Wednesday, May 23, 2007

Should a Group of Radical Environmentalists Be Considered Terrorists?

From ABC News:

A Group of 11 Militant Environmentalists Could Be Sentenced as Terrorists Without Having Killed a Soul

The FBI has called them "the No. 1 domestic terrorism threat," and their members include four of the Bureau's 11 Most Wanted homegrown terrorists. Yet in more than 1,100 acts of arson and vandalism, the members of the Earth Liberation Front have never killed a single person.

Defining terrorism has always been tricky, and in trying to do so, the federal government has acknowledged that there is "no single universally accepted definition of terrorism." But just as when it comes to identifying pornography, lawyers and law enforcement officers have traditionally relied on an ability to know it when they see it.

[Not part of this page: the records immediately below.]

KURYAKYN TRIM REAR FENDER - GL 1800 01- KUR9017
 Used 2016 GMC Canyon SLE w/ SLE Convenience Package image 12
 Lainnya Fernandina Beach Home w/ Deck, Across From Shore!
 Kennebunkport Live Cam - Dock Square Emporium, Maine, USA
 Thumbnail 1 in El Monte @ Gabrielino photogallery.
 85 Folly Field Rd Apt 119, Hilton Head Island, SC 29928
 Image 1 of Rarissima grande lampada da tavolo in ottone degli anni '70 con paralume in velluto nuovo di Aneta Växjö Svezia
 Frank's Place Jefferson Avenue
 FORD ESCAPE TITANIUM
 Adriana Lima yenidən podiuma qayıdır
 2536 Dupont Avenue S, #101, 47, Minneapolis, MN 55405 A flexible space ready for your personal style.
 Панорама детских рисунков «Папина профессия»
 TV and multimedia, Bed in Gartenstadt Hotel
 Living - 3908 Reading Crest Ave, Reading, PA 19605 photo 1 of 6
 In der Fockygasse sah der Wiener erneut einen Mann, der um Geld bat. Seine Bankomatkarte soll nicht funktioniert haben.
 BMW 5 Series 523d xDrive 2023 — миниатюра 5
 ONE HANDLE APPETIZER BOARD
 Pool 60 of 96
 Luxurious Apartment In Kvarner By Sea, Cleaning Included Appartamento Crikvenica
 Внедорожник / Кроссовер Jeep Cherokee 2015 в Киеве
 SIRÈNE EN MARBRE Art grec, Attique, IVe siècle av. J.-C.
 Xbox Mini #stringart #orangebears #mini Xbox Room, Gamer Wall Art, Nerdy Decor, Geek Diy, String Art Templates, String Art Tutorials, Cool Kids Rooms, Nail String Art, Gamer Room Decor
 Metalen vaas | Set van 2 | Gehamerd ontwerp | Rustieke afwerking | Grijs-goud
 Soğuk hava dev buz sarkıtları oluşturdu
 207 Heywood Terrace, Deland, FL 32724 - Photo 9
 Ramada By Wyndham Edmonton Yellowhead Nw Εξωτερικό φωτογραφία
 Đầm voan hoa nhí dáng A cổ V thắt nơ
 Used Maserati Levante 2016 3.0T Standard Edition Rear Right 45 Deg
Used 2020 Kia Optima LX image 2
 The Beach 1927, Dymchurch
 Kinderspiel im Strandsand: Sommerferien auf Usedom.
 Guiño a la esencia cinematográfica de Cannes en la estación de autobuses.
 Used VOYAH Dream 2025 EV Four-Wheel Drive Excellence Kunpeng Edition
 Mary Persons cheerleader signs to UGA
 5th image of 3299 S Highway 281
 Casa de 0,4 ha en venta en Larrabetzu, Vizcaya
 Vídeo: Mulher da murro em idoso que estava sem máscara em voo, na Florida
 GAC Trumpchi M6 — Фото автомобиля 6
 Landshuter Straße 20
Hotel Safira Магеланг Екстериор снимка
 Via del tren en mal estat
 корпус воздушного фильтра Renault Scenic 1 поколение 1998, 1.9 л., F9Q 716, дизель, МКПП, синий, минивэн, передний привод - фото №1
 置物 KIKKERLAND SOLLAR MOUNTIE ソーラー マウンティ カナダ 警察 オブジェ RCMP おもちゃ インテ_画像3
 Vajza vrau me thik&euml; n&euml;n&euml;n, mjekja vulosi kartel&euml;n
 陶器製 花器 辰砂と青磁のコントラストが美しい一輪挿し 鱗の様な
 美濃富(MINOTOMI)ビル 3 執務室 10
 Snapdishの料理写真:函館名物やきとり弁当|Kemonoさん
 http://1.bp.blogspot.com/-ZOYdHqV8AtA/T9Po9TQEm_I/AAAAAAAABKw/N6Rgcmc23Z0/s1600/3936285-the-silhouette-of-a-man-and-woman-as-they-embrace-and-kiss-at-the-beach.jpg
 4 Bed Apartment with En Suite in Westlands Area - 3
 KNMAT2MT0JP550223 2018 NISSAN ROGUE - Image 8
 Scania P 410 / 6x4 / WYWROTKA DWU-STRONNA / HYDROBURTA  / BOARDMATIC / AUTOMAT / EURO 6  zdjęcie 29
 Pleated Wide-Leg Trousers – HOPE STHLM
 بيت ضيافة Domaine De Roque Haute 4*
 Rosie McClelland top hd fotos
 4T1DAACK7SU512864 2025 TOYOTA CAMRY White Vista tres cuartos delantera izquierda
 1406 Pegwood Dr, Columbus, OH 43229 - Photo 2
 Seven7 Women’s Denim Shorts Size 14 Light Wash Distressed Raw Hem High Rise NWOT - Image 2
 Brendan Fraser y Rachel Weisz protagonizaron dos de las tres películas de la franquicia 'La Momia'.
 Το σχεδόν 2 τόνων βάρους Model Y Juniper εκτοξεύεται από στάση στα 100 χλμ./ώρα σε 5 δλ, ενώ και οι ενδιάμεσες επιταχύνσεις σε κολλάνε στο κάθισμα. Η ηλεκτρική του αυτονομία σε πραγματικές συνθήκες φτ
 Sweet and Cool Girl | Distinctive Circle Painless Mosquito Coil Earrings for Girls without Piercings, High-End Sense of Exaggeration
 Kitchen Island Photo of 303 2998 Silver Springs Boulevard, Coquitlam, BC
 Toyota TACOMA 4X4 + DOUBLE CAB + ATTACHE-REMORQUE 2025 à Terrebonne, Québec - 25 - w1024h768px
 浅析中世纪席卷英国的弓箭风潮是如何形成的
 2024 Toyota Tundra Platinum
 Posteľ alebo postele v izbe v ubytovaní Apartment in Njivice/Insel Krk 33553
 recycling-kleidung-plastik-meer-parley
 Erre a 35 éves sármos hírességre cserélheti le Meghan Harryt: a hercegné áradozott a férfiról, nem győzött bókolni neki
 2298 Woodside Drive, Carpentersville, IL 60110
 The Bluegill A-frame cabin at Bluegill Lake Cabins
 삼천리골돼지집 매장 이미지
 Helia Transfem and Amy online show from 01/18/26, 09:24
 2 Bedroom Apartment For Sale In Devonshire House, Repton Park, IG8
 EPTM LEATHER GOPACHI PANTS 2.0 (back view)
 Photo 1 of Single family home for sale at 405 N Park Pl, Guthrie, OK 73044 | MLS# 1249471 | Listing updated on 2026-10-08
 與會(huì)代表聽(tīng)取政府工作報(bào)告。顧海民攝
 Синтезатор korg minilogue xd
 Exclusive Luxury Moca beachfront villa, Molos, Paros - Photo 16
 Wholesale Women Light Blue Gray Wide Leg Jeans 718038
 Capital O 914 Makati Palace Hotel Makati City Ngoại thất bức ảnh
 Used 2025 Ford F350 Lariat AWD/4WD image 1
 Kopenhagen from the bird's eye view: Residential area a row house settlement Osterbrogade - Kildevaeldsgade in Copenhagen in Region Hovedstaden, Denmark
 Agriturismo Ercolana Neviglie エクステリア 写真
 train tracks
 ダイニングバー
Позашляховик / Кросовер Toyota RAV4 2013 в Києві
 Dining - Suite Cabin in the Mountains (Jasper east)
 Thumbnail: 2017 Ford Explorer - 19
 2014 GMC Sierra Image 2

The government saw it 16 months ago when federal agents arrested 10 members of the loose-knit activist group and an affiliate organization, the Animal Liberation Front, in an action called Operation Backfire.

At the time of their arrest, Attorney General Alberto Gonzales called the cell's $40 million dollar arson campaign -- which targeted, throughout five Western states, a horse slaughterhouse, SUV dealerships, a scientific research center, logging companies and a ski resort -- "a pattern of domestic terrorism activities."

Lawyers and activists defending the saboteurs insist, however, that the terrorist label is a scare tactic. Acts of arson and property damage, they claim, have never been the stuff of terrorism indictments, and the label is intended by the government to stir public outrage, increase the length prison terms and augment the government's rolls of imprisoned terrorists.

Today in Eugene, Ore., a federal judge will sentence Stanislas Meyerhoff, 29, the first of the 10-member cell that called itself "the family." The other nine defendants will each be sentenced over the next several weeks.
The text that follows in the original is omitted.